On 24 May 2019, Nathalie Becquart was appointed, along with four other women and one man, as consultor to the general secretariat of the Synod of Bishops in the Catholic Church. It is the first time for women to be appointed to that position. Becquart saw the appointment as a part of Pope Francis's effort "to implement synodality at every level of the Church’s life" and to benefit from the important contribution that women can make. Becquart proposed a symbolic step of asking a woman to lead the retreat for the Roman Curia one year. On 6 February 2021, Pope Francis appointed Becquart as an undersecretary of the Synod of Bishops, making her the first woman to have the right to vote in the Catholic Synod of Bishops.

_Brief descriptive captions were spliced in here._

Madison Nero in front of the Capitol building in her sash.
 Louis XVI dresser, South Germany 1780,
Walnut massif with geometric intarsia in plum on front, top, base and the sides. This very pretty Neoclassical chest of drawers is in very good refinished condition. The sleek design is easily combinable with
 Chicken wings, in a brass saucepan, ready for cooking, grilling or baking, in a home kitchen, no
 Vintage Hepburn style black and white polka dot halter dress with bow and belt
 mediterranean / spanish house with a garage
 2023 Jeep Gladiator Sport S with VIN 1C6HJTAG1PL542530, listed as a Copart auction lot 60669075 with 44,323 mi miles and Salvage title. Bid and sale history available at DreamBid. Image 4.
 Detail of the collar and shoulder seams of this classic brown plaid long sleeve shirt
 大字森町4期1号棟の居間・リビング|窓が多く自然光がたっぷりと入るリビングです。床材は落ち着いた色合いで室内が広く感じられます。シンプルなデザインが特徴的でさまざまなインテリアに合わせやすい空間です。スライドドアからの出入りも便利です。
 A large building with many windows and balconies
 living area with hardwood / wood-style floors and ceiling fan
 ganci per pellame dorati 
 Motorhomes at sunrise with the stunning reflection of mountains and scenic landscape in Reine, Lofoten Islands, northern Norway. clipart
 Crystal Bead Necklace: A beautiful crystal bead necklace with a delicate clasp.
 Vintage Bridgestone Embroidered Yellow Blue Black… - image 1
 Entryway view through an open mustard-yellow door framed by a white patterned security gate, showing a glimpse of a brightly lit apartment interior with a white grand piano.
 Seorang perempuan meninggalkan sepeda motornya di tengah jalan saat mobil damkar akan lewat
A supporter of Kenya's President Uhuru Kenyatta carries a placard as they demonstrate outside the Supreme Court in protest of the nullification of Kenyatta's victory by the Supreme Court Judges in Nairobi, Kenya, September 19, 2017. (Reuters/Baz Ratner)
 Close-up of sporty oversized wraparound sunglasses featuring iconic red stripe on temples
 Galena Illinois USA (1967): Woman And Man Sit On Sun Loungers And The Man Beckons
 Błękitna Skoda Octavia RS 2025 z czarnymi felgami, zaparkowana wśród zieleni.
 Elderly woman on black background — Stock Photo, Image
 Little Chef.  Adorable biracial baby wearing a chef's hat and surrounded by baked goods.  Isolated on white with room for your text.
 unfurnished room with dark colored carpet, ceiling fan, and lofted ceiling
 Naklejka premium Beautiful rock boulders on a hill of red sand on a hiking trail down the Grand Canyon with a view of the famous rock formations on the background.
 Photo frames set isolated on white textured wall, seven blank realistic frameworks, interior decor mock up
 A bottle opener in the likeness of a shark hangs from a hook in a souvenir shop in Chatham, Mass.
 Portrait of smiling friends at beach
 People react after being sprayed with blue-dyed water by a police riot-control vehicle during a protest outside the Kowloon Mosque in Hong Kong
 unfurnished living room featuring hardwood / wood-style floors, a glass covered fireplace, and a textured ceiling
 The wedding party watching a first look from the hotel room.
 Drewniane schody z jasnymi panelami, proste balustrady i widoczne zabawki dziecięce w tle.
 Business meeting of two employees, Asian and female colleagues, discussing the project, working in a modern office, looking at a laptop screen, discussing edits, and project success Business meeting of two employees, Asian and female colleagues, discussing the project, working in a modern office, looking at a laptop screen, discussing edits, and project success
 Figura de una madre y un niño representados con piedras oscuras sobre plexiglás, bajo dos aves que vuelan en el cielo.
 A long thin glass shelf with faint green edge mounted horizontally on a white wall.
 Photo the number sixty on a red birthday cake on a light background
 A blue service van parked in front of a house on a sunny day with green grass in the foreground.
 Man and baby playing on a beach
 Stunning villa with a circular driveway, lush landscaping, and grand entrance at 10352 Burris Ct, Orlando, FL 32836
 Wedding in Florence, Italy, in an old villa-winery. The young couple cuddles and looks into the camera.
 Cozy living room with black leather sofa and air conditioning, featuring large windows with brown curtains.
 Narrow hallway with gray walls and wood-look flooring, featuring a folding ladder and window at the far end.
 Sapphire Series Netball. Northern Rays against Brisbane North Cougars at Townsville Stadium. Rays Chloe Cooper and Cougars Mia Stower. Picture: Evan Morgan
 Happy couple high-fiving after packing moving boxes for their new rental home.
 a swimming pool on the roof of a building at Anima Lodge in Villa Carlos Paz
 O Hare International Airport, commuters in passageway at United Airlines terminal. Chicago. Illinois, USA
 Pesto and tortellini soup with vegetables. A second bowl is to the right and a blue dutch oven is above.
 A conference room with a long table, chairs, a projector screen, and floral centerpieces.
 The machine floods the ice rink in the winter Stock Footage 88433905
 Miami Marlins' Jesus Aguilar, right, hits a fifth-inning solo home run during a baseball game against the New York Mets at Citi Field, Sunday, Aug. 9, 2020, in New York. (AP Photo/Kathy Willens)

Cardinal Mario Grech, secretary-general of the Synod of Bishops, said that the synod was not like a parliament, where one sides stands to gain as the other loses. It is also not as important who has a vote on the final document, he said, as much as Catholics around the world "dialogue, converse, discern together in order to" find consensus.

Synodality
Several months before announcing the synod, Pope Francis said that "Synodality is a style, it is a walk together, and it is what the Lord expects from the Church of the third millennium." According to the International Theological Commission, synodality is "the action of the Spirit in the communion of the Body of Christ and in the missionary journey of the People of God." It is more commonly understood as a process by which the Church undergoes discernment on a variety of issues. Aided by the Holy Spirit, the laity, priests, bishops, and religious each use their own gifts and charisms to help the Church make decisions. The notion of the Church as "synodal" by its very nature requires "careful theological clarification," according to the Commission, as it is a relatively new concept.

Preparatory documents
In September 2021, the Vatican released a preparatory document and "handbook" to dioceses around the world to help them prepare for the synod. According to the document:

The purpose of this synod is not to produce more documents. Rather, it is intended to inspire people to dream about the church we are called to be, to make people's hopes flourish, to stimulate trust, to bind up wounds, to weave new and deeper relationships, to learn from one another, to build bridges, to enlighten minds, warm hearts, and restore strength to our hands for our common mission."

The handbook offers guidance to bishops for how to solicit the thoughts of lay Catholics, as well as non-Catholics and non-Christians, particularly those on the margins of society. It includes a number of questions and discussion prompts in 10 general themes to help promote reflection and the collection of input from a wide variety of stakeholders. The most basic question, according to the document, is "How does this 'journeying together', which takes place today on different levels -- from the local level to the universal one -- allow the church to proclaim the Gospel in accordance with the mission entrusted to her; and what steps does the Spirit invite us to take in order to grow as a synodal church?" Several of the suggested questions include:

To whom does our particular church 'need to listen to'" and "how are the laity, especially young people and women, listened to?
How do we integrate the contribution of consecrated men and women? 
What space is there for the voice of minorities, the discarded, and the excluded? 
Do we identify prejudices and stereotypes that hinder our listening? 
How do we listen to the social and cultural context in which we live?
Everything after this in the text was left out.